On Sat, Aug 01, 2020 at 09:13:57AM +0200, Maciej Fijalkowski wrote:
> On Sat, Aug 01, 2020 at 03:03:19AM +0200, Daniel Borkmann wrote:
> > On 7/31/20 2:03 AM, Maciej Fijalkowski wrote:
> > > v5->v6:
> > > - propagate only those poke descriptors that individual subprogram is
> > >    actually using (Daniel)
> > > - drop the cumbersome check if poke desc got filled in map_poke_run()
> > > - move poke->ip renaming in bpf_jit_add_poke_descriptor() from patch 4
> > >    to patch 3 to provide bisectability (Daniel)
> > 
> > I did a basic test with Cilium on K8s with this set, spawning a few Pods
> > and checking connectivity & whether we're not crashing since it has bit more
> > elaborate tail call use. So far so good. I was inclined to push the series
> > out, but there is one more issue I noticed and didn't notice earlier when
> > reviewing, and that is overall stack size:
> > 
> > What happens when you create a single program that has nested BPF to BPF
> > calls e.g. either up to the maximum nesting or one call that is using up
> > the max stack size which is then doing another BPF to BPF call that contains
> > the tail call. In the tail call map, you have the same program in there.
> > This means we create a worst case stack from BPF size of max_stack_size *
> > max_tail_call_size, that is, 512*32. So that adds 16k worst case. For x86
> > we have a stack of arch/x86/include/asm/page_64_types.h:
> > 
> >   #define THREAD_SIZE_ORDER       (2 + KASAN_STACK_ORDER)
> >  #define THREAD_SIZE  (PAGE_SIZE << THREAD_SIZE_ORDER)
> > 
> > So we end up with 16k in a typical case. And this will cause kernel stack
> > overflow; I'm at least not seeing where we handle this situation in the

Not quite. The subprog is always 32 byte stack (from safety pov).
The real stack (when JITed) can be lower or zero.
So the max stack is (512 - 32) * 32 = 15360.
So there is no overflow, but may be a bit too close to comfort.
Imo the room is ok to land the set and the better enforcement can
be done as a follow up later, like below idea...

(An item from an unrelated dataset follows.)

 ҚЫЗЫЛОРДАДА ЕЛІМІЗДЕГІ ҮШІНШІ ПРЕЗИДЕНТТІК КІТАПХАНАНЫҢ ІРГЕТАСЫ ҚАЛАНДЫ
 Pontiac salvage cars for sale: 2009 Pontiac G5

> > set. Hm, need to think more, but maybe this needs tracking of max stack
> > across tail calls to force an upper limit..
> 
> My knee jerk reaction would be to decrement the allowed max tail calls,
> but not sure if it's an option and if it would help.

How about make the verifier use a lower bound for a function with a tail call ?
Something like 64 would work.
subprog_info[idx].stack_depth with tail_call will be >= 64.
Then the main function will be automatically limited to 512-64 and the worst
case stack = 14kbyte.
When the sub prog with tail call is not an empty body (malicious stack
abuser) then the lower bound won't affect anything.
A bit annoying that stack_depth will be used by JIT to actually allocate
that much. Some of it will not be used potentially, but I think it's fine.
It's much simpler solution than to keep two variables to track stack size.
Or may be check_max_stack_depth() can be a bit smarter and it can detect
that subprog is using tail_call without actually hacking stack_depth variable.
Essentially I'm proposing to tweak this formula:
depth += round_up(max_t(u32, subprog[idx].stack_depth, 1), 32);
and replace 1 with 64 for subprogs with tail_call.